In lieu of this void, there are some simple guidelines that can almost ensure you will be liked and respected as a good leader.
The Best Managers are “People Managers”
Managing a team means bringing together a group of diverse people, from different backgrounds, experiences and characters. The best managers today can inspire, motivate and harness the collective efforts of a team to accomplish great, if not good things. They are the “People Managers” and I have enumerated some things that can help you become one.
1. Build Trust
I start with this one, because if there is anything you need to remember, it is “building trust”.
You do this by making sure every individual on your staff understands one thing – and that is, you are there to help them learn, grow and achieve. As soon as they realize this, they feel you are on their side, and you will gain a pound of trust.
Do these things:
- Know your employees – skills, experience, education and character
- Give them proper training to accomplish the tasks that lie before them.
- Make sure they have a path to learn and grow
- Set clear expectations – don’t be fickle
- Stand by them always – listen and learn to say “How can I help?”
- Help each person find one thing they can excel at, above everyone else in your group.
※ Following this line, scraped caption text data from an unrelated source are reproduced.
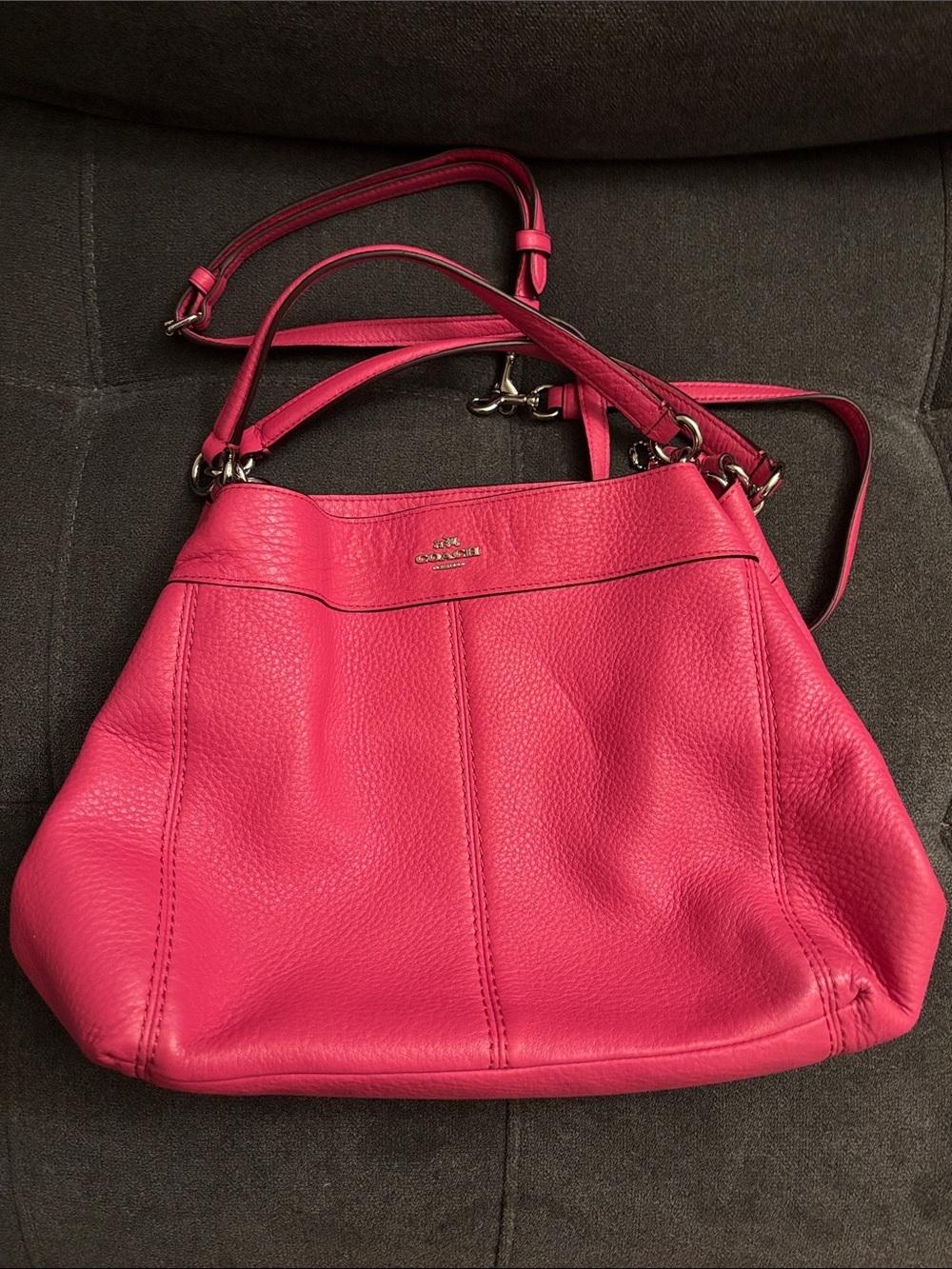 Coach Pebbled Leather Shoulder Bag in Bright Pink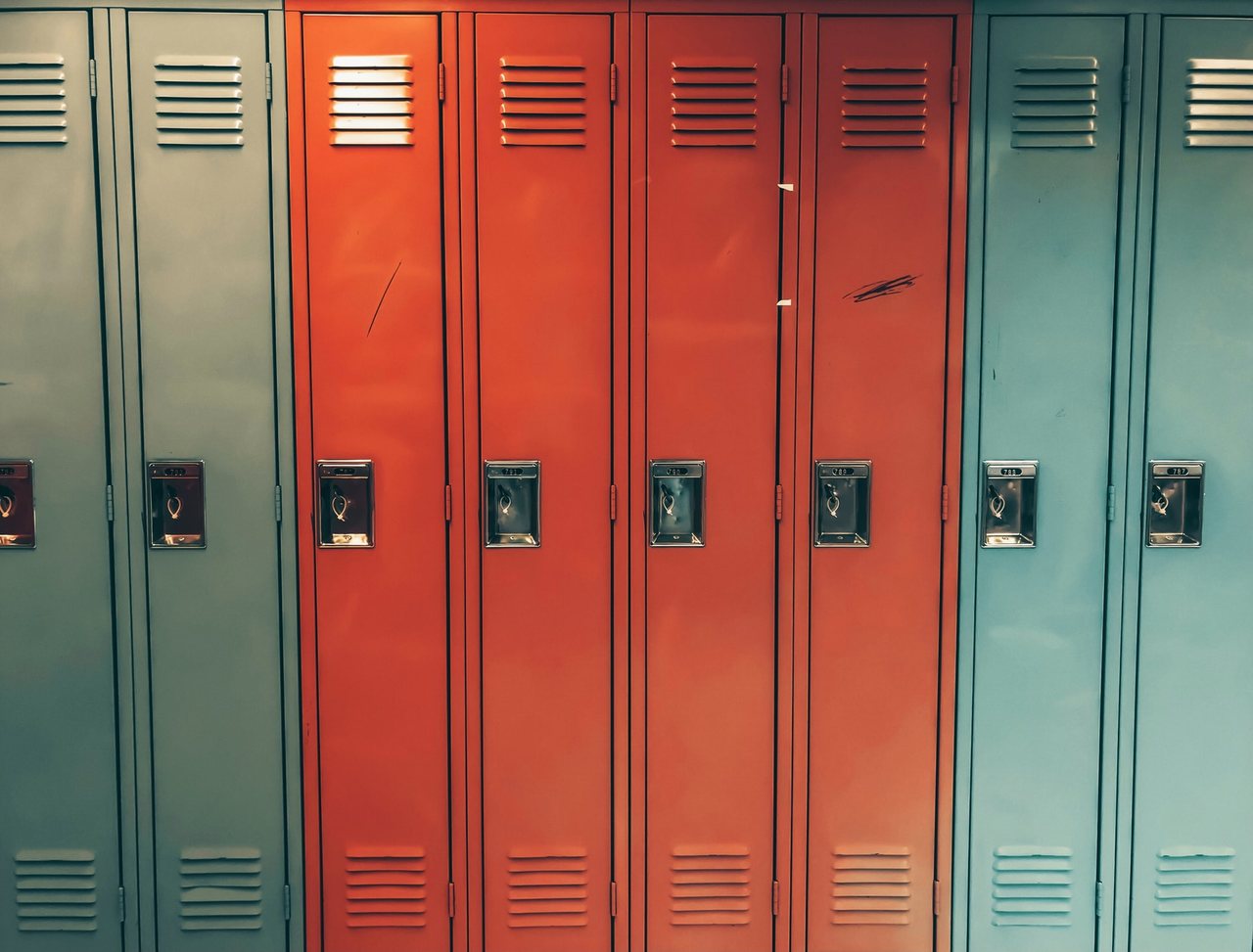 Row of coloured steel staff lockers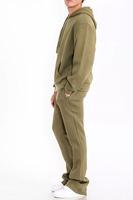 Ensemble de survêtement d'hiver épais pour homme, coupe évasée, avec veste et pantalon assortis, impression de logo personnalisé, 2 pièces, vente en gros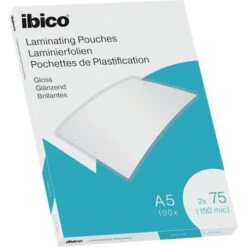 Esselte Pochettes Plastification Ibico Brillantes, A5, Boite De 100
And remember that every person is different. Some people need to be pushed, some guided, some listened to, and some just want you to get out of the way. You have to adjust to each person (know your employees).
When you have team members who are older, or more experienced, or who have been your colleagues, don’t treat them as subordinates – treat them as your equals. You are more of a “facilitator” (not their manager) in this case, and they will respect you for that.
2. Leave your EGO at the door – Be genuine
Your own ego is one of the most difficult aspects for a manager to handle, and it interferes with your relationships. Ego is important, but in a team environment, it can be detrimental unless you can control it. Do these things to help you curb your ego:
- Learn how to say “I don’t know”
- Ask for opinions – “What do you think?”
- Praise by saying, “Good Job”
- When you are wrong simply say, “Sorry, my mistake”
- Accept the fact that your employees are or will be smarter and more skilled than you.
You’d be surprised how difficult it is for certain managers do these things. But if you do, you will become a genuine and self-realized manager, and you’ll earn a pound of trust.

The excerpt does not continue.